If these traits seem worryingly familiar or, worse still, they’re recognisable in some of your own e-learning output, then there’s some useful guidance on how to make learning outcomes ‘work’, from Phil Race, at http://phil-race.co.uk/most-popular-downloads

 

On a different level, though, is the e-learning material – however it’s delivered – really what the learning is all about? Isn’t the real learning encapsulated and demonstrated in the activities that learners undertake, applying the knowledge they’ve gained having worked through the e-learning materials? After all, you can learn the Highway Code until by rote and you can use all the driving simulators there are but you can never say you’ve learnt to drive until you do it in a vehicle on a real road in the real world.

 

It’s well-known that we learn by doing. Yet e-learning materials still ask learners to read something, watch a video and/or listen to audio and then answer some questions. How does anyone – including the user – know they’ve really understood what they’re supposed to have understood unless their understanding is demonstrated in reality?

 

After all, despite what those in the learning technologies world might prefer to believe, e-learning is not, nor can it be, the real world.

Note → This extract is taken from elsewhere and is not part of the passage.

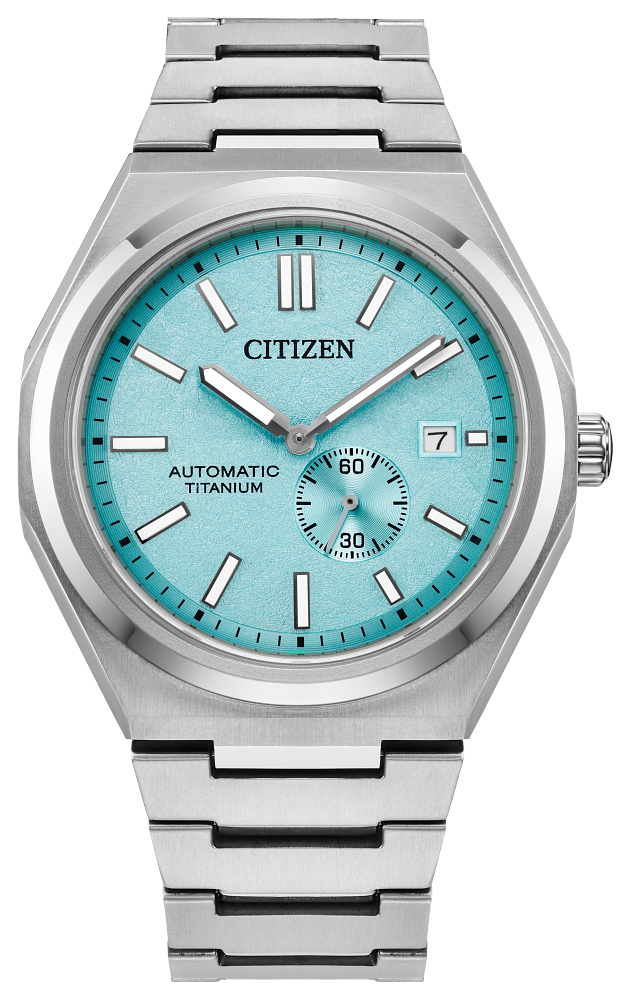 Citizen Mens Automatic Zenshin AUTO Silver-Tone Super Titanium Case, Silver-Tone Super Titanium Bracelet, Aqua Dial, WR 100M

Doing the right things at the right time

There’s a tendency to do ‘just-in-case’ training rather than ‘just-in-time’ training. In other words, people are given access to learning materials in case they ever need to know what they’re being taught.

 

Key issues in today’s workplace are the pace of change; the appearance of broader and more complex job tasks, and the question of whether learning should be just-in-case or just-in time. If you opt for ‘just-in-time’ learning, you’re opting for performance support.

 

This can be applied to:

  1. Organisations: their structure, products and knowledge
  2. Office technology
  3. Business: applications and processes
  4. ‘Dynamic issues’: competitors, marketing and technical

 

Where required knowledge levels are low – typically from zero to 20 per cent – the most effective way to create this knowledge level is via training, using online materials, workshops, coaching, drill and practice. Where the required knowledge level is between 20 and 70 per cent, the most effective way to create this is via performance support, encompassing online and offline reference materials, drill and practice. And where the required knowledge levels exceed 70 per cent, the most effective ways to achieve this are via learning: reference materials, direct support, virtual campus and learning communities.

 

To check you’re doing the right thing at the right time where a learning programme is concerned, use the acronym ‘PRIDE’:

  1. Promoted – not just how is the learning programme marketed and advertised, but is the programme a part of the culture of the organisation?
  2. Relevant
  3. Instructionally sound – not just is it well designed, but is the content always sound in the light of current developments. In addition, you need to check on the way that the trainers and tutors are putting over and/or supporting the programme.
  4. Demonstrate value – does this piece of learning demonstrate value (however that can be defined) within the organisation?
  5. Effective – is it doing what you want?

 

This approach can’t overcome the ‘politics’ that exists in organisations but, all other things considered, it can help to arrest the decline phase of the programme lifecycle.

 

Pieces of learning have a natural lifespan. For example, you know when a job aid has worked – because the people throw it away. However, to keep learning going, you need flexibility – or change – within the delivery media.

 

All learning delivery media are flexible, although some are more flexible than others. Generally speaking, the more inflexible the media, the higher the cost involved in changing it. Costs associated with changing delivery media include changing the content, testing the programme and deploying the programme – all of which have their own issues.

 

Often, when people produce a learning programme, they think of what’s expensive to do in the first place. They don’t think of what’s expensive to change.

 

The key points here are to remember the ‘PRIDE’ acronym; use transition media where appropriate; draw together disparate elements of information within the organisation to make new learning materials – and keep focused on results.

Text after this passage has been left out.